What you need to do :: Print the records below exactly, from the line containing "Stephanie - Dental Implants & Veneers Before" down to the line containing "Center Freiburg, Germany", both lines included, and omit every picture.

Record extracts ::
────
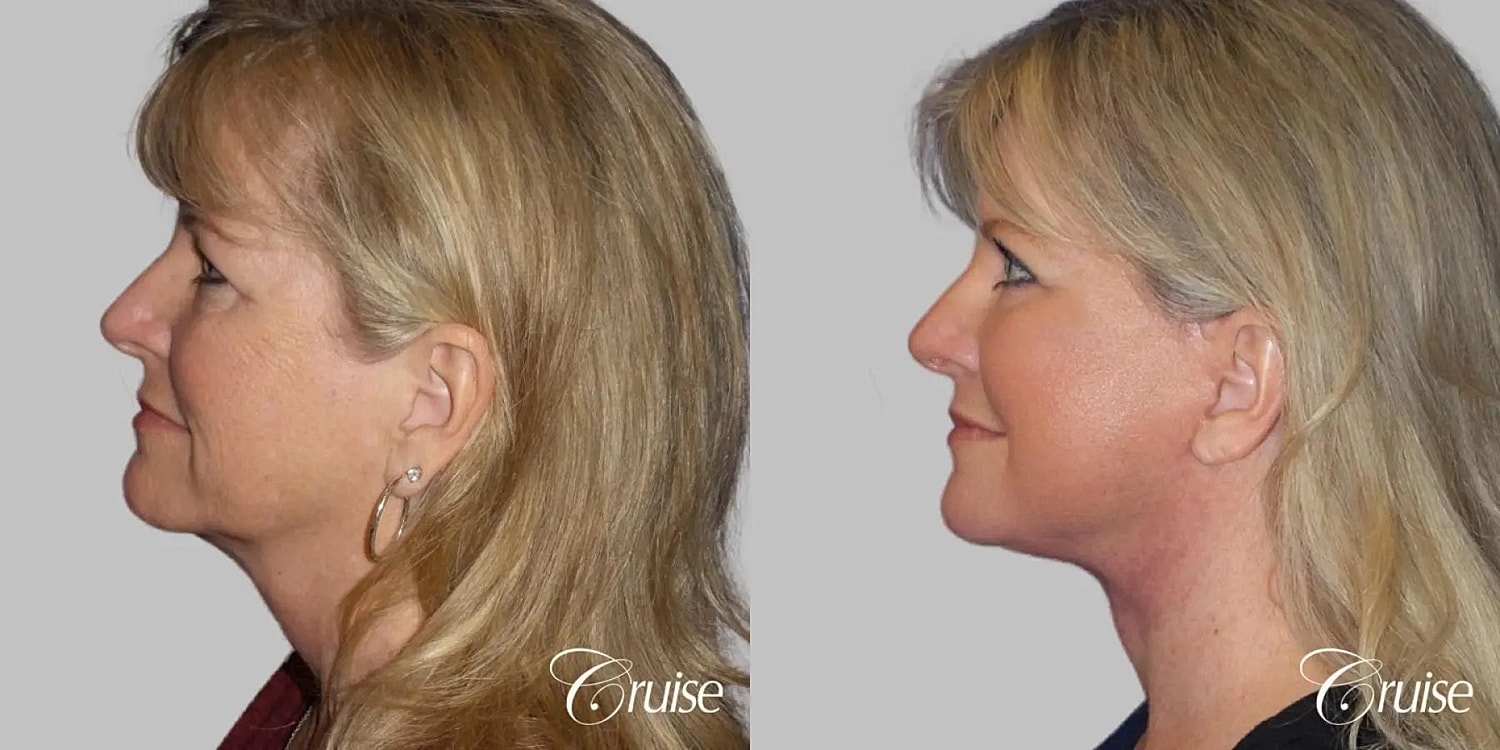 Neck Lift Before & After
────
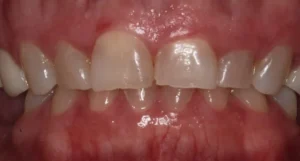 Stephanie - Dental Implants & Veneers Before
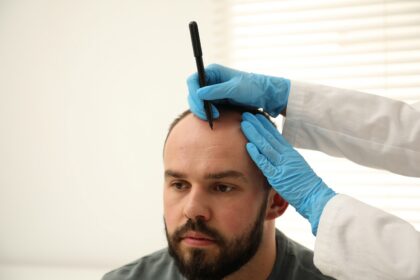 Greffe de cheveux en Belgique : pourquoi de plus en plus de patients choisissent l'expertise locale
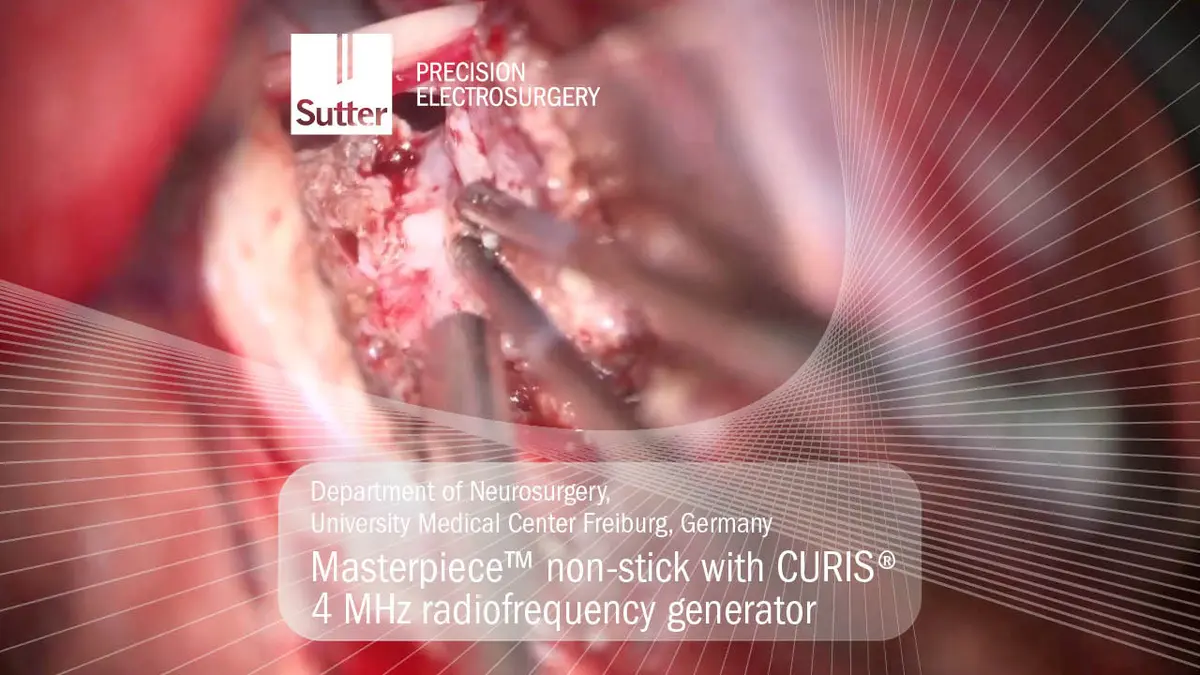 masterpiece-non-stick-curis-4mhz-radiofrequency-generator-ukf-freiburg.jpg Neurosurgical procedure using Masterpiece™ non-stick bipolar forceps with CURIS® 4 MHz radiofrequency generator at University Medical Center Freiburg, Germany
────
Solution to this task ::
 Stephanie - Dental Implants & Veneers Before
 Greffe de cheveux en Belgique : pourquoi de plus en plus de patients choisissent l'expertise locale
 masterpiece-non-stick-curis-4mhz-radiofrequency-generator-ukf-freiburg.jpg Neurosurgical procedure using Masterpiece™ non-stick bipolar forceps with CURIS® 4 MHz radiofrequency generator at University Medical Center Freiburg, Germany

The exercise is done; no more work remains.